Reasons for the delay – s.394(3)(a)

[16] As previously noted, the delay which must be considered in determining whether to extend time for making an application is the period beyond the prescribed 21 day period. For the application in the present case to have been filed within time, it was required to be filed by 1 September 2020. It was filed on 4 September 2020, three days outside the required time. The majority of circumstances identified by the Applicant in the present case to explain the delay, relate to the period following the termination of his directorship by the Respondent. I turn now to consider the reasons for the delay as advanced by the Applicant.

[17] In the Form F2 Application, the Applicant identifies that the application has been made outside the time allowed under s. 394(3) of the Act and explains the delay as follows:

“I have been unfairly dismissed by my employer on 11 August 2020. Then, I had sought legal advice and contacted the Employer regarding my termination and termination entitlements on 19 August 2020. To which I received a response denying me of my termination entitlements on 21 August 2020. I have requested that my lawyer send my employer a response on 24 August 2020.

On 31 August my lawyer received a response from my employer’s lawyers alleging me of unfounded misconduct and breaches of the director’s duties among other things. These allegations caused me to prepare a response with my lawyer until now.

On 2 September, employer’s lawyers sent my lawyer another letter seeking reimbursement of wages and company property among other things. I am currently in the middle of drafting a response to all of their false allegations and unfounded claims.

Further to the above, on or about 28 August 2020, the crimes investigation branch tried to get in touch with me. On 30 August 2020, I visited the police station and had an interview for the police to investigate the allegations. I found out that I was reported to the Police by the shadow director of may employer, Keiko Okamoto, for unreasonable allegations such as stealing company property, embezzlement and assault.

Moreover I had been in the process of moving house since 17 August 2020 and was trying to settle into my new residence while preparing the new place.

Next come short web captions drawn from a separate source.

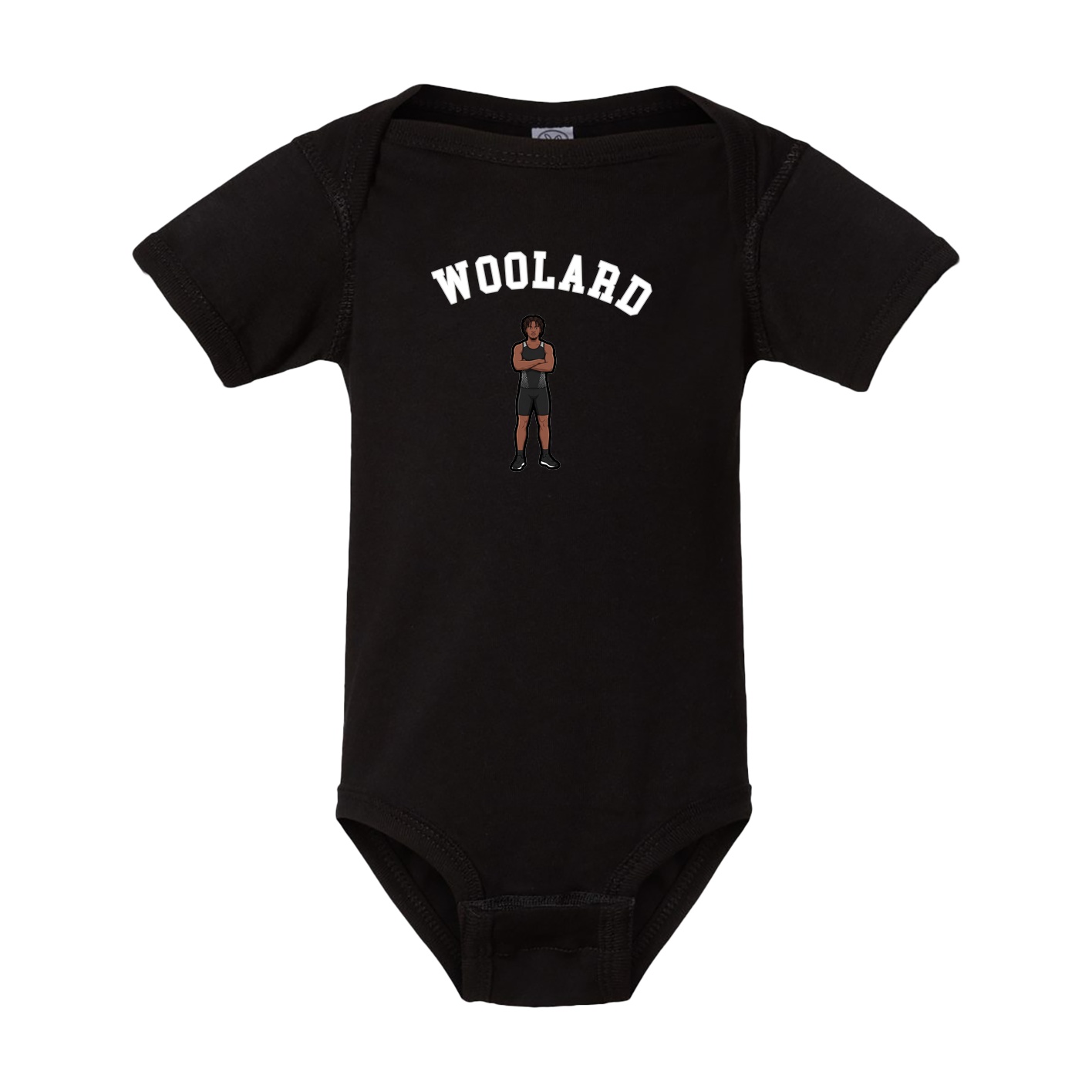 Baby Onesie — Shirsey Arch in Black
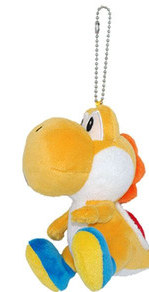 Super Mario Series Plush Doll: Orange Yoshi Mascot_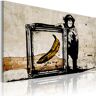 Artgeist Wandbild - Von Banksy inspiriert - Sepia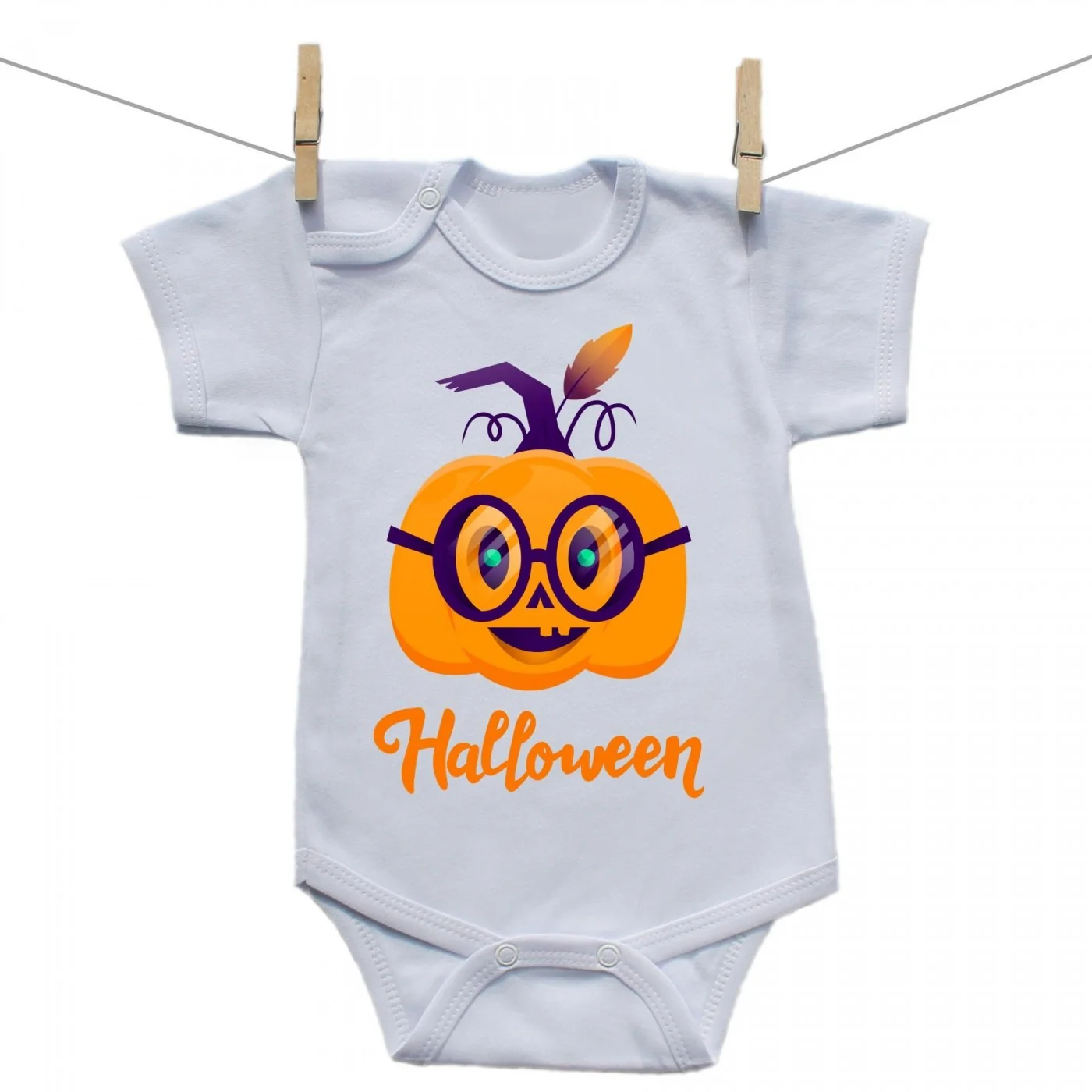 Boodyy Body s krátkym rukávom Halloween tekvica Veľkosť: 80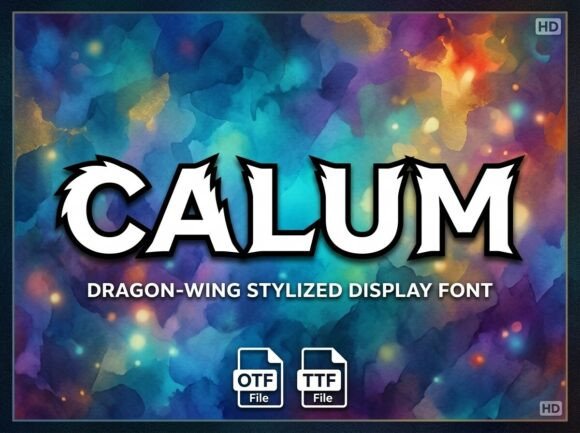 Calum: An Avant-Garde Font for Bold, Artistic Designs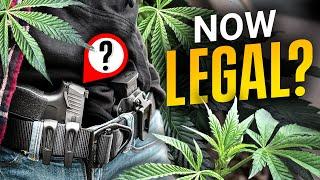 New Gun Law Allows Marijuana Users to Legally Own Guns...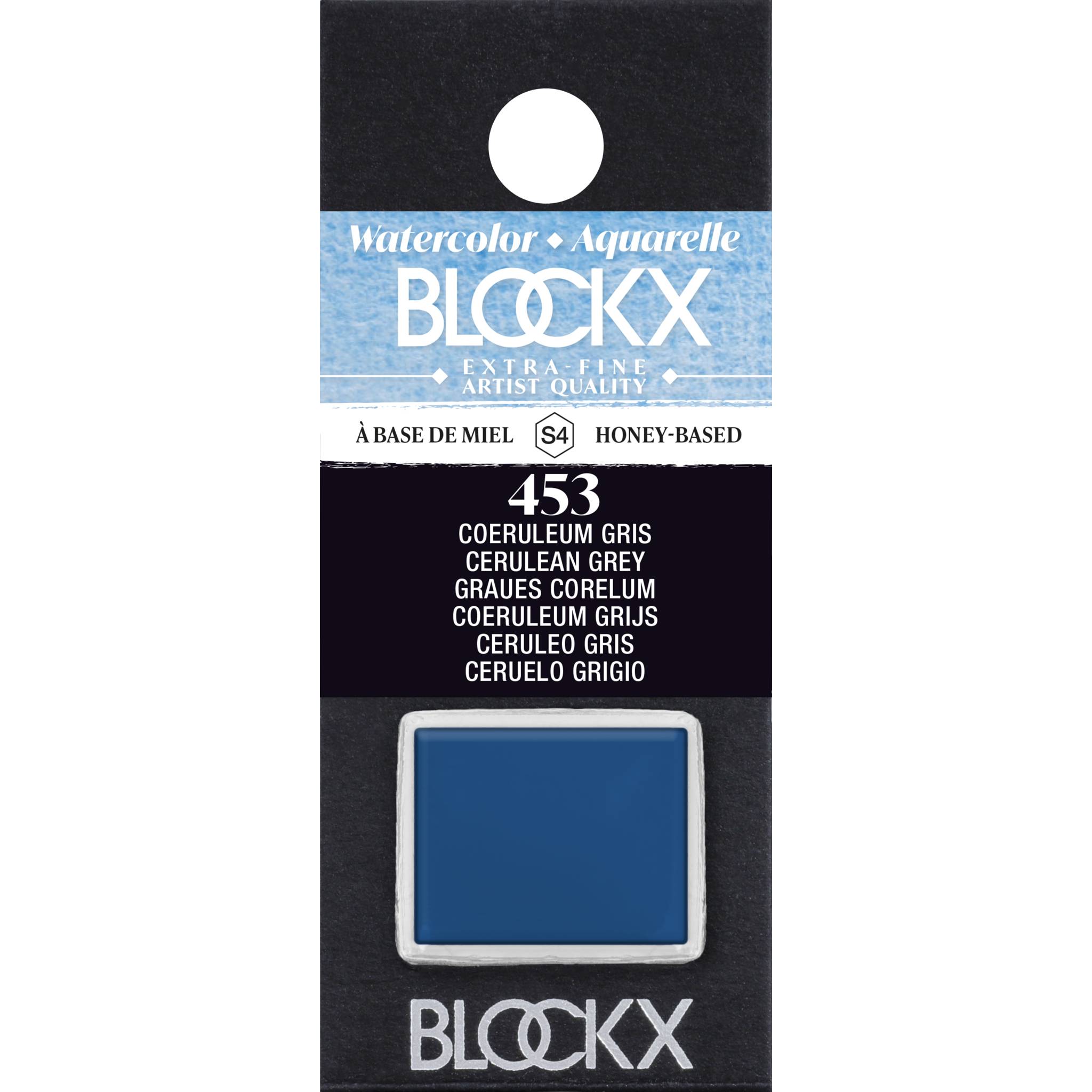 Blockx 3x Aquarellfarbe, Colingrau 1/2 Näpfchen 1,5ml Coeruleum grau 41453BXC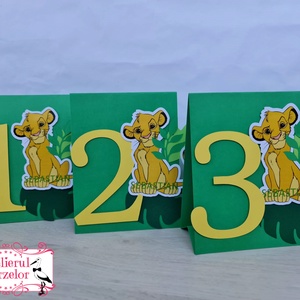 Numere masa botez baieti Lion King, Jucarii si echipamente pentru copii, Daruri de botez, Arta de hartie, ARTYNOS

For me to comprehend the problem and psychologically get on top of my affairs, all while working full-time, had caused the delay in making the application.”

[18] On 7 September 2020, the Associate to Vice President Catanzariti sent correspondence to the Applicant advising that the application had been received outside of the 21 day time frame allowed under s. 394(2) of the Act and that the Commission may extend the time period for lodging an unfair dismissal application only if satisfied that there are exceptional circumstances for not lodging the application in time. The correspondence also set out the matters the Commission is required to consider in deciding whether to grant a further period under s.394(3) of the Act.

[19] On 8 September 2020, the Applicant responded to Vice President Catanzariti’s correspondence confirming that he wished to proceed with the application. That correspondence, and a further response to the Respondent’s material dated 24 September 2020, was relied on by the Applicant at the hearing in relation to whether he should be granted a further period in which to make his unfair dismissal application. The Applicant also gave oral evidence at the hearing. In his 8 September correspondence, the Applicant cites the following matters to explain the delay and contends that they are exceptional circumstances:

  The dismissal is rooted in a family dispute;

  He was corresponding with his employer to resolve this matter;

  He had to search for alternative accommodation and income;

  He had to issue a concerns notice with respect to defamation;

  He was reported to police and investigated by same;

  He was under emotional and psychological distress.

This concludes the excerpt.